Das Landgericht Frankfurt am Main hat den Angeklagten mit Urteil vom 9.5.2006 wegen Mordes in Tateinheit mit Störung der Totenruhe zu lebenslanger Freiheitsstrafe verurteilt und die Fortdauer der Untersuchungshaft (Haftgrund: § 112 III StPO) angeordnet. Die Untersuchungshaft wird in der JVA O1 vollzogen. Über die vom Angeklagten eingelegte Revision hat der Bundesgerichthof noch nicht entschieden.

Mit der A ...- GmbH hat der Angeklagte nach Angabe seines Verteidigers "einen Kooperationsvertrag abgeschlossen und seine Einwilligung zur umfassenden exklusiven und weltweiten Vermarktung seiner Lebensgeschichte" durch diese Firma erteilt. Die Firma plant eine TV-Dokumentation über den Angeklagten, den so genannten "...". Sie möchte den Angeklagten in mehreren ausführlichen Gesprächen in der Haftanstalt O1 interviewen.
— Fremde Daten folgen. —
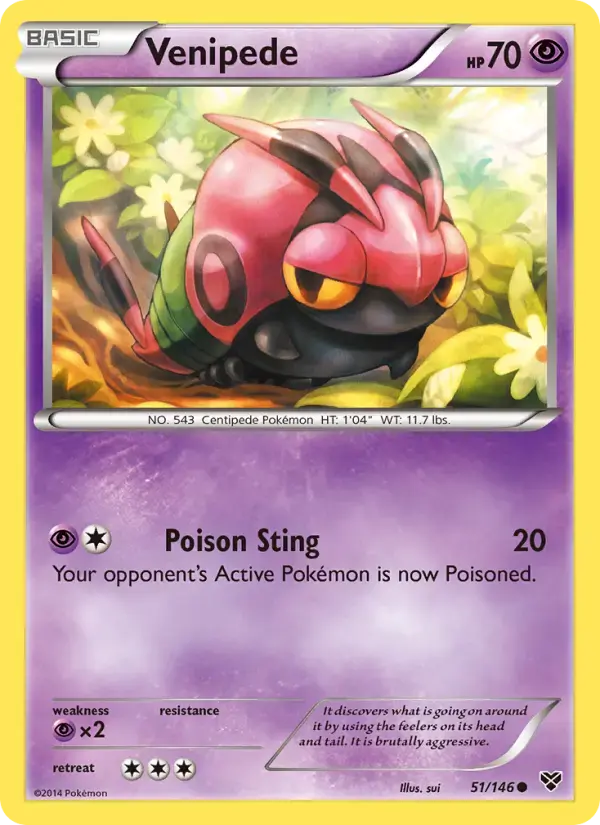 Venipede #51 — XY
Die Dokumentation solle "nicht nur das Leben und die Tat beleuchten, sondern auch die gesellschaftliche Relevanz insbesondere in Bezug auf die anonymisierte Internetnutzung und der daraus resultierenden Radikalisierung herausstellen. Neben einem ausführlichen Interview mit dem Angeklagten sollen Angehörige, Freunde, Nachbarn, Experten aus den Bereichen Wissenschaft, Internet, Recht und Kriminalistik sowie Prozessbeteiligte zu Wort kommen."

Mit Schriftsatz vom 23.5.2006 hat der Angeklagte beantragt, zur Durchführung des Dokumentarfilmprojekts im Juni, August und Oktober 2006 jeweils für etwa zwei bis drei Stunden einen Raum in der JVA O1 zur Verfügung zu stellen, der Platz für die nötige Technik bietet (zwei Kameras, fünf Personen) und dem Angeklagten zu gestatten, dort die Interviews zu geben.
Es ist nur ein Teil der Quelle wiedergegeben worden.